12" container and the only way he can fit is to have the tail slanted diagonal.


----------



## HOLLYWOOD (Feb 6, 2003)

And another.


----------



## HOLLYWOOD (Feb 6, 2003)

10" Knifeman piraya gets a surprise roomate.


----------



## HOLLYWOOD (Feb 6, 2003)

The "Memphis tern" drops straight to the bottom. Still in minor shock but relieved.


----------



## HOLLYWOOD (Feb 6, 2003)

Another pic


----------



## HOLLYWOOD (Feb 6, 2003)

A closeup


----------



## HOLLYWOOD (Feb 6, 2003)

The pair have become close friends, temporarily it seems.


----------



## DonH (Jan 25, 2003)

Congrats Arnold... You FINALLY got him!


----------



## Grosse Gurke (Jan 3, 2003)

WOW...beautiful fish Arnold!


----------



## master_of_puppets (Aug 29, 2003)

congrats


----------



## SLANTED (Dec 7, 2003)

Whoa, that guy is a beast. Glad everything turned out for you.


----------



## killerbee (Aug 18, 2004)

i'd be scared to lose that Piraya, congrats though.


----------



## Serygo (May 17, 2004)

Gongrats Arnold!
I might have to swing by and take a look at him!

Very nice!!!
Thats a piraya in there with him right?


----------



## Judazzz (Jan 13, 2003)

Sweet mother, that's one hell of a collection you got there - only three fish, but each one of them is mighty impressive in its own right
















Good luck with your new monster, Arnold!


----------



## HOLLYWOOD (Feb 6, 2003)

Thanks guys. I appreciate the comments.


----------



## LOON (Jan 30, 2004)

One word. IMPRESSIVE. Would love a couple of P's like you got there.


----------



## Winkyee (Feb 17, 2003)

Great stuff and great job shipping Ash.
Congrats


----------



## MR HARLEY (Aug 12, 2003)

Thats a Massive fish , I cant wait to see pics of him all settled in and show his color







.
Awesome Pick-up Wood


----------



## jackburton (Nov 25, 2003)

wow amazing tern that monster must b like 13 14 ??????


----------



## Atlanta Braves Baby! (Mar 12, 2003)

Wow that fish is stunning! Great job on the shipping of the monster Ash


----------



## HOLLYWOOD (Feb 6, 2003)

jackburton said:


> wow amazing tern that monster must b like 13 14 ??????

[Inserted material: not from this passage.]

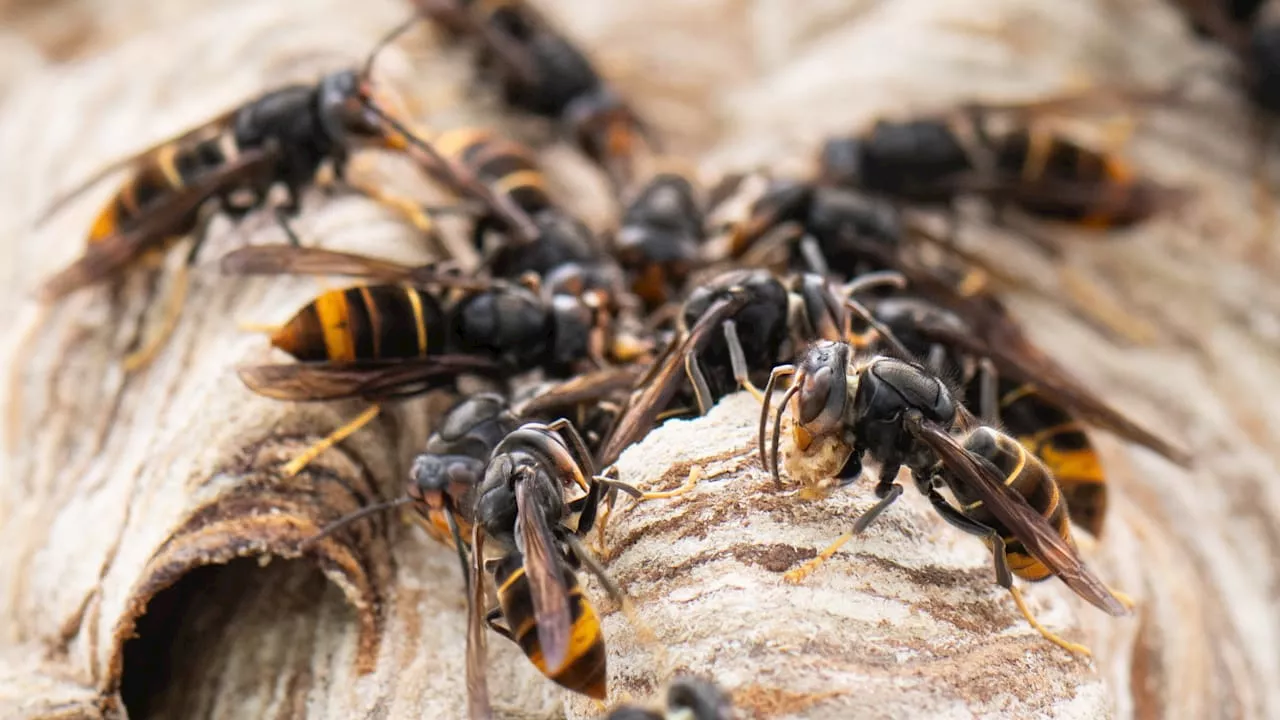 Asiatische Hornisse: Sie killt Bienen, doch töten darf man sie nicht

 Just a tad over 12". I measured the container and it was 12" long. Regardless the profile and girth makes this an awesome tern. Im happy with my purchase.


----------



## zygapophysis (Jul 16, 2004)

wow they look amazing nice fish


----------



## micus (Jan 7, 2004)

DAMN, that is the nicest tern i have ever seen in my life,

do reds get that massive in the fron end like that? or is it just a ternetzi thing?


----------



## pythonwill (Feb 2, 2003)

so how many monster terns do you have now? 
I want to come see them someday


----------



## HOLLYWOOD (Feb 6, 2003)

micus said:


> DAMN, that is the nicest tern i have ever seen in my life,
> 
> do reds get that massive in the fron end like that? or is it just a ternetzi thing?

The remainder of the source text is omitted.